No Contact - The Ultimate Revenge by Nemesis

Due to a busy work and teaching schedule, I have not been able to write blogs on hot topics being discussed in our forum lately. I apologize and hope to have more time to do this soon, but in the meantime, I'd like to share this amazing post written by Nemesis on the topic of revenge.

I particularly like this because I often see the topic of revenge come up here. I do not advocate revenge in any way, shape or form as I believe the best form of revenge is to live a happy life and two wrongs never make a right.

Additionally, while there are some Narcissists who border on the edge of Psychopathy, there are plenty of Narcissists who simply can't help themselves and do not hurt us with intent.

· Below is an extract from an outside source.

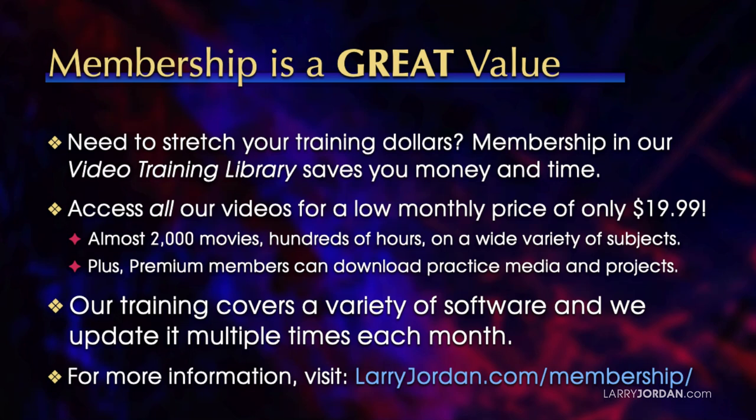Plus, premium members can download practice media and projects. Our training covers a variety of software, and we update it multiple times each month. For more information, visit LarryJordan.com slash membership. And thanks!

Nonetheless, this topic of revenge comes up all the time and is frequently asked. Here are some great points by Nemesis on how "No Contact" is the best form of revenge:

"No Contact - The Ultimate Revenge"

In following “Surviving The Narcissist - The Path Forward” I decided that the best way of following “Step 2 – Get It Out” was to write down my thoughts and share them. There are two very important subjects that come up frequently on the forum: “No Contact” and “Revenge”. No contact is primarily something that we do to protect ourselves from any further abuse and, as Lisa says, to “restore our sanity and regain control of our lives”. It is an essential step but also a very difficult step which many of us struggle with.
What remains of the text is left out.